# Best way to smooth wall over knockdown texture



## dforeid (Jan 14, 2007)

Have a small bathroom remodel job. Currently the walls and ceilings are all knockdown texture. Client wants to go with a 5 foot wainscotting and then smooth wall from the wainscotting up to the ceiling as well as smooth on the ceiling. My thought was to skim coat mud over the existing knockdown to accomplish this. What would you suggest, and what process/mud materials would be best?

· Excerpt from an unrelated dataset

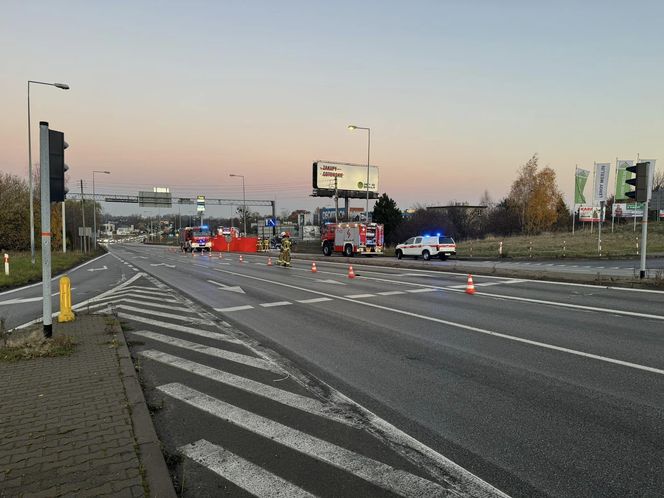 Wypadek w Mikołowie. Jeden z samochodów stanął w płomieniach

Any and all suggestions very much appreciated.....

Don


----------



## Frankawitz (Jun 17, 2006)

Don 
The problem your going to have here is that the mud will not stick to a painted surface you should sand the ceiling and walls first then use Durabond 90 brown bag as your basecoat then use topping compound for your skimcoat then sand it out to a smooth finish.


----------



## dforeid (Jan 14, 2007)

Frankawitz said:


> Don
> The problem your going to have here is that the mud will not stick to a painted surface you should sand the ceiling and walls first then use Durabond 90 brown bag as your basecoat then use topping compound for your skimcoat then sand it out to a smooth finish.


Frank,

To what degree would you suggest I sand? Just enough to knock off some of the high spots, or completely sand smooth? Also, are you talking sanding screen or more on the lines of an orbital with say a 150 grit? Is there a primer I can/should use before the Durabond 90?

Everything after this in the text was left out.